Ao longo da leitura, perguntei-me de que forma a avaliação do judaísmo feita por Schopenhauer conecta-se com a experiência do judaísmo de Kafka. Seria o judaísmo de Kafka “otimista” nos termos schopenhauerianos? Além disso: é notório que Schopenhauer cultivou uma íntima relação com o espírito milenar da sabedoria indiana. Será que esta relação foi suficiente para colocar em xeque as raízes hebraicas da cultura ocidental? Ou será que as zonas de vizinhança entre Schopenhauer e Kafka seriam capazes de iluminar profundas conexões que aproximam as culturas hebraica e indiana?

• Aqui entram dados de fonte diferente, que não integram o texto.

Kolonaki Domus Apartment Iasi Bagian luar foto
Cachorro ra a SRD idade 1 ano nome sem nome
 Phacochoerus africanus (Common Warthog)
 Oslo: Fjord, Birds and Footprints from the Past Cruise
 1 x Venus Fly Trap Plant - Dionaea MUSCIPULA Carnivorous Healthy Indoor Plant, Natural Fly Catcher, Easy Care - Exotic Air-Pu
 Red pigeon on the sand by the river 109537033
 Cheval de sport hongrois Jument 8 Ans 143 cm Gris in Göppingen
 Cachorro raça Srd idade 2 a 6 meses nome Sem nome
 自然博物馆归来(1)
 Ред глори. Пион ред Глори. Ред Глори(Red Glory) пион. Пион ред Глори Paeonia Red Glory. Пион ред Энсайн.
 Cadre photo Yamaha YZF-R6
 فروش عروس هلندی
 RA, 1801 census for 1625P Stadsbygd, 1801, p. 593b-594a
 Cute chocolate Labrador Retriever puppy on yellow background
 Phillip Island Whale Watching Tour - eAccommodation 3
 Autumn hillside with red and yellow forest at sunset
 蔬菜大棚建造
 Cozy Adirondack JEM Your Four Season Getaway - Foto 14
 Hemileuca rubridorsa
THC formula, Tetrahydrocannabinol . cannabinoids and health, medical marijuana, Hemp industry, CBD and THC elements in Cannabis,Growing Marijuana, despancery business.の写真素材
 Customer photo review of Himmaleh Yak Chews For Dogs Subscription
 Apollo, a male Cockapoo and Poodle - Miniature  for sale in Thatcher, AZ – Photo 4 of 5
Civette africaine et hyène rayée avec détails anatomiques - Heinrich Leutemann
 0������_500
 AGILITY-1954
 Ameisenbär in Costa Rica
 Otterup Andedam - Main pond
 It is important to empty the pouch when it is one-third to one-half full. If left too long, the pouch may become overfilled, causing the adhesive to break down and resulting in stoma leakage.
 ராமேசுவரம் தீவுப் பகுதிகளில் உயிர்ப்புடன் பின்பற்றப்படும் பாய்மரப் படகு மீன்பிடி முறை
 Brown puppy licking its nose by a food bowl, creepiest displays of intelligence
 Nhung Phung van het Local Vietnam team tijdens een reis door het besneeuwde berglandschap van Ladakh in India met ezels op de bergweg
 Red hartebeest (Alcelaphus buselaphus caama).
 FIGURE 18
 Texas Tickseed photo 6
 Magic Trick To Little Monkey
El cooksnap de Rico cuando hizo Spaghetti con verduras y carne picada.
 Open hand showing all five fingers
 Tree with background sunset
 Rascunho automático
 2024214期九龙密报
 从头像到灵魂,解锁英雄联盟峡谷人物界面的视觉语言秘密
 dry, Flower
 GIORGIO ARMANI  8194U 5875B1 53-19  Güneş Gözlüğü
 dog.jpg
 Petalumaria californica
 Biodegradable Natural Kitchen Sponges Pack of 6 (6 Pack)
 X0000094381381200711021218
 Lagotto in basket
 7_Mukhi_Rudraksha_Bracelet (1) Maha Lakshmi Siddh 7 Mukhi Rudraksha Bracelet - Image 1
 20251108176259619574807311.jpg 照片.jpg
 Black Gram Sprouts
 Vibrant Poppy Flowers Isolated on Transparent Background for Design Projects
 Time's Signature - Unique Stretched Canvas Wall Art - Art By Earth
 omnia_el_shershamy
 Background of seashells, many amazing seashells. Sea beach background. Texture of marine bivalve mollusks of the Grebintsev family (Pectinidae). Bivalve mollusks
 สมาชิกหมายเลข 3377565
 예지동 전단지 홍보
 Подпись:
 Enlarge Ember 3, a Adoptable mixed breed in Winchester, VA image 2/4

O livro de Maurício Arruda Mendonça, Kafka e Schopenhauer — zonas de vizinhança, amplia o escopo das investigações dedicadas à especificação da influência exercida pela doutrina de Schopenhauer nos mais variados artistas (escritores, músicos, pintores etc.) ao longo dos séculos XIX e XX. Fruto de sua pesquisa doutoral, o trabalho oferece-nos um valioso e indispensável retrato da maneira através da qual a doutrina de Schopenhauer foi considerada por Kafka em suas criações literárias. Talvez, como no caso de Tolstói, o interesse de Kafka por Schopenhauer tenha frutificado em virtude de ele, Kafka, ter visto confirmada pela doutrina de Schopenhauer suas intuições metafísicas mais íntimas, naquela comunhão dos grandes espíritos que, nos termos de Paulo Leminski, carregam o peso da dor como se portassem medalhas.

REFERÊNCIAS

MENDONÇA, M. A. Kafka e Schopenhauer: zonas de vizinhança. Londrina: EDUEL, 2020.

SCHOPENHAUER, A. O mundo como vontade e como representação. Tomo I. Trad. Jair Barboza. São Paulo: Ed. UNESP, 2005.

SCHOPENHAUER, A. O mundo como vontade e representação. Tomo II. Vol. 1. Trad. Eduardo Ribeiro da Fonseca. Curitiba: Ed. UFPR, 2014.